▶ [LISTED ENTRIES]
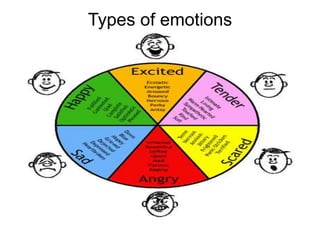 Types of emotions
 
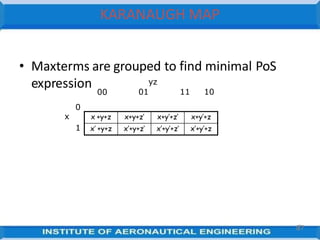 • Maxterms are grouped to find minimal PoS
8
77
expression
x +y+z x+y+z’ x+y’+z’ x+y’+z
x’ +y+z x’+y+z’ x’+y’+z’ x’+y’+z
00
0
x
1
yz
01 11 10
KARANAUGH MAP
 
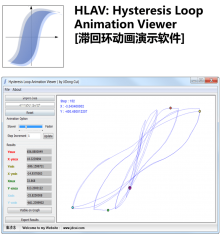 HLAV: Hysteresis Loop Animation Viewer [滞回环动画演示软件]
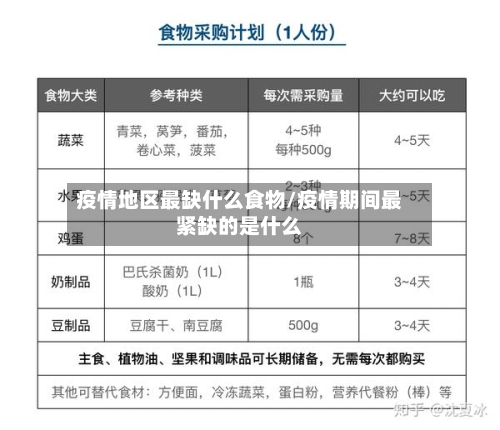 疫情地区最缺什么食物/疫情期间最紧缺的是什么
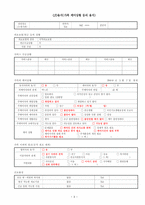 Client의 Care Plan-4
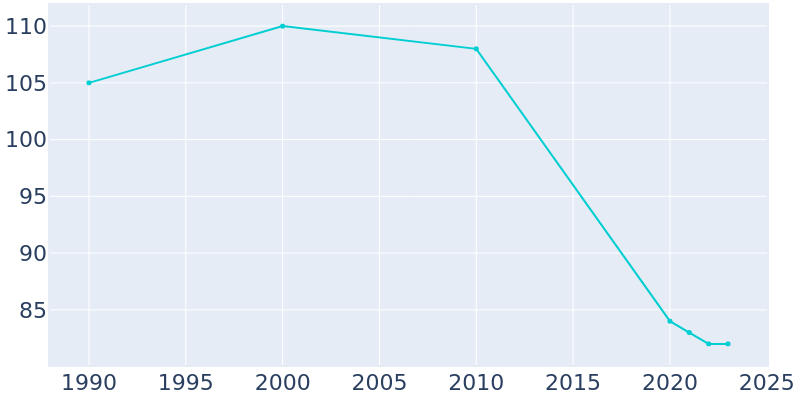 Population Graph For Buckeye, 1990 - 2022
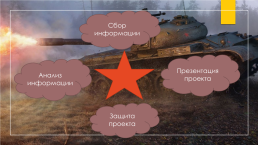Исследовательский проект: «танк т-34 – танк победы», слайд 9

▶ [TASK PROMPT] From the first line to the last, copy the records exactly and skip the pictures.

▶ [ANSWER TO THIS TASK]
 Types of emotions
 
 • Maxterms are grouped to find minimal PoS
8
77
expression
x +y+z x+y+z’ x+y’+z’ x+y’+z
x’ +y+z x’+y+z’ x’+y’+z’ x’+y’+z
00
0
x
1
yz
01 11 10
KARANAUGH MAP
 
 HLAV: Hysteresis Loop Animation Viewer [滞回环动画演示软件]
 疫情地区最缺什么食物/疫情期间最紧缺的是什么
 Client의 Care Plan-4
 Population Graph For Buckeye, 1990 - 2022
Исследовательский проект: «танк т-34 – танк победы», слайд 9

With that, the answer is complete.